Panduan Integrasi Cookie Consent Analytics Produk PostHog: Buku Panduan Deployment Self-Hosted dan Cloud untuk 2026

PostHog adalah platform analitik produk yang dipilih tim rekayasa ketika mereka menginginkan analitik produk, pemutaran ulang sesi, feature flag, eksperimentasi, survei, dan analitik web dalam satu tumpukan, bukan lima vendor yang disambungkan bersama. Penggabungan tersebut adalah proposisi nilainya. Itu juga alasan mengapa deployment PostHog default membawa kewajiban consent yang lebih terkonsentrasi dibandingkan hampir semua alat lain yang akan dipasang oleh publisher.
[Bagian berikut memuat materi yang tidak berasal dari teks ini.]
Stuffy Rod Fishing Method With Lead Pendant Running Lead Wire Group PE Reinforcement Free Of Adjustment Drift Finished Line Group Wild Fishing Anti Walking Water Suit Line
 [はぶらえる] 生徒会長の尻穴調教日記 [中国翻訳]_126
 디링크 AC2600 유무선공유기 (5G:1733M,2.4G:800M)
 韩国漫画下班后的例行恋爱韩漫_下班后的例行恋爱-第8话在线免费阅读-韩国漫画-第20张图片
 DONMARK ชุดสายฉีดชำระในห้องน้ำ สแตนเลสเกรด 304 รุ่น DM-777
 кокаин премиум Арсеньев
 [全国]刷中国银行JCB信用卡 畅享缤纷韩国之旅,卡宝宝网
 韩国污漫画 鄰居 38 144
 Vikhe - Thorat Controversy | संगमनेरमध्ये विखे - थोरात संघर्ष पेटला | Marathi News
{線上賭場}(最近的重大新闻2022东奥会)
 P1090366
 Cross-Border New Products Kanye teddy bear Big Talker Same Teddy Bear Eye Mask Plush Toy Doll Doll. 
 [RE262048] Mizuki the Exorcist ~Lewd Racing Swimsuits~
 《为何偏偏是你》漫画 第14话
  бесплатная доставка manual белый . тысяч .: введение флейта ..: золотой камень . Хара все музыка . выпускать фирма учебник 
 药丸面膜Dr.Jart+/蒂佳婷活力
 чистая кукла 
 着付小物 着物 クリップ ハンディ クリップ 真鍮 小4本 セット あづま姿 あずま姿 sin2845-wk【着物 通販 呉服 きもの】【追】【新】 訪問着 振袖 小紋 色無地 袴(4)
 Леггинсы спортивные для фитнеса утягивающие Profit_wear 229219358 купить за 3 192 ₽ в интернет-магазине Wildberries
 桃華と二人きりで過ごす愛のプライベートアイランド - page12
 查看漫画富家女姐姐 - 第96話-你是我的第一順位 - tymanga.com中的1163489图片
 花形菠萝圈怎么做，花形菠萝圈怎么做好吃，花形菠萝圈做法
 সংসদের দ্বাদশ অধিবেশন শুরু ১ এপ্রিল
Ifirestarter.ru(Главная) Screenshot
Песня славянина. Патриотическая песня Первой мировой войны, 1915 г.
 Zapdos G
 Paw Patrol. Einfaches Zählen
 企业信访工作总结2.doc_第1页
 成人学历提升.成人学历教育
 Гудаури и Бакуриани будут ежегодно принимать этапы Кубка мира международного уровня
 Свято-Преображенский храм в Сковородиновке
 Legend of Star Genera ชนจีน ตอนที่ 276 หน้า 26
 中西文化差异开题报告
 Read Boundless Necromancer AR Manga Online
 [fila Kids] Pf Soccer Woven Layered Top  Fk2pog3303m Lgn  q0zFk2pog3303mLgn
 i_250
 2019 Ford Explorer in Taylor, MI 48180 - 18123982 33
Panggilan posthog.init() yang sama yang menangkap peristiwa produk juga dapat memulai perekaman sesi, mengevaluasi feature flag terhadap pengenal persisten, dan mengantri impresi survei — dan setiap aktivitas tersebut terkait dengan dasar hukum yang berbeda di bawah GDPR, ePrivacy, dan CCPA. Kabar baiknya adalah PostHog hadir dengan salah satu API consent paling granular dalam ekosistem analitik; pekerjaannya adalah benar-benar menggunakannya. Panduan ini memandu cara men-deploy PostHog sehingga postur hukum sesuai dengan kenyataan teknis di seluruh instalasi self-hosted dan PostHog Cloud, di seluruh wilayah AS dan EU, serta di seluruh permukaan analitik, replay, flag, dan survei.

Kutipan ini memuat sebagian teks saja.